WHAT TO WORK ON: Please give back, exactly as written, the lines from the line with "Une chambre d’hôtel" to the line with "Charming home featuring" in the listing below, leaving out all pictures.

INFORMATION PROVIDED:

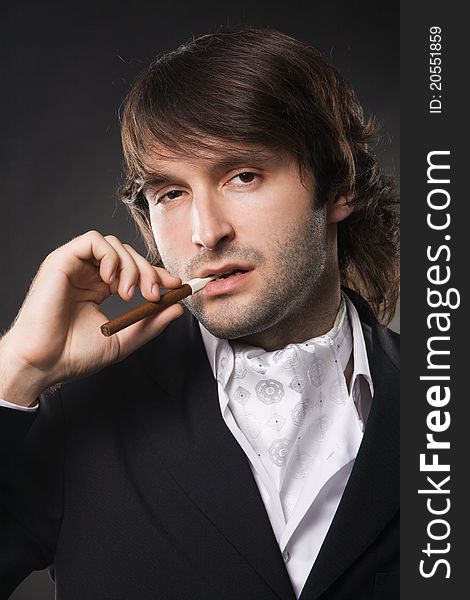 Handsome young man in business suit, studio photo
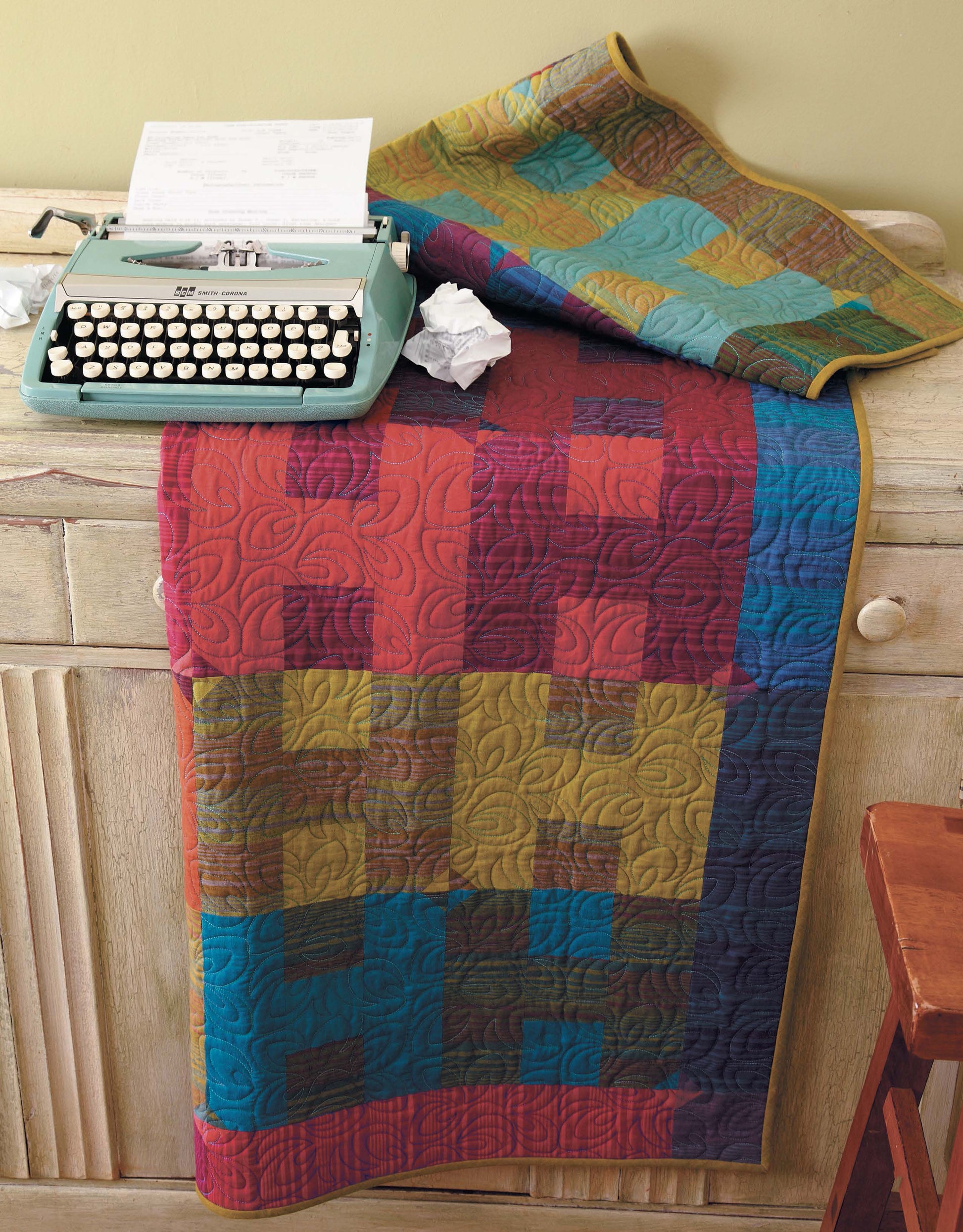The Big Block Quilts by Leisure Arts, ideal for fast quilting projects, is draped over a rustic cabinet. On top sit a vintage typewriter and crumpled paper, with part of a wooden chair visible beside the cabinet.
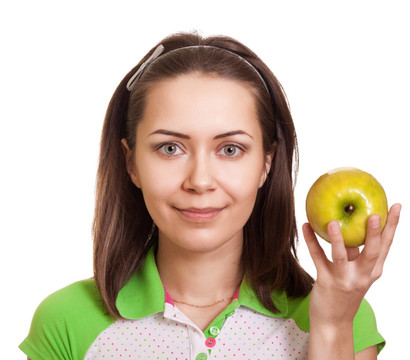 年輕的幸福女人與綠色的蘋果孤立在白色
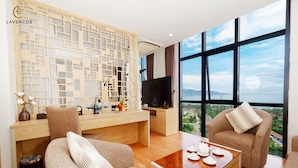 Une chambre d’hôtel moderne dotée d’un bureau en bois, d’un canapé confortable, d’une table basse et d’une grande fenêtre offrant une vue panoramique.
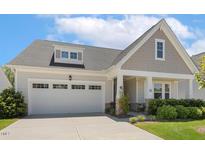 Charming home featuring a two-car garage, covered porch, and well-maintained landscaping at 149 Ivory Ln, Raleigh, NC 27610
---
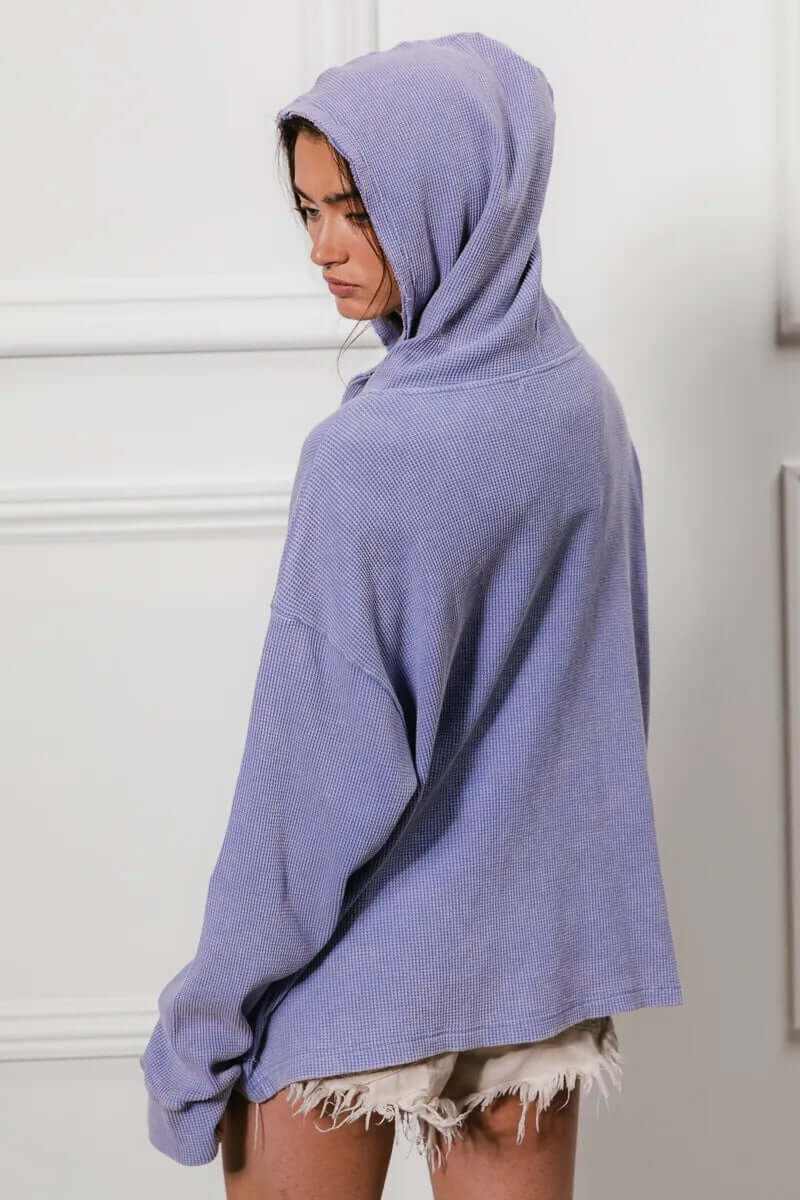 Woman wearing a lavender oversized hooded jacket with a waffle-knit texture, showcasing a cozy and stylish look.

WORKED SOLUTION:
 Une chambre d’hôtel moderne dotée d’un bureau en bois, d’un canapé confortable, d’une table basse et d’une grande fenêtre offrant une vue panoramique.
 Charming home featuring a two-car garage, covered porch, and well-maintained landscaping at 149 Ivory Ln, Raleigh, NC 27610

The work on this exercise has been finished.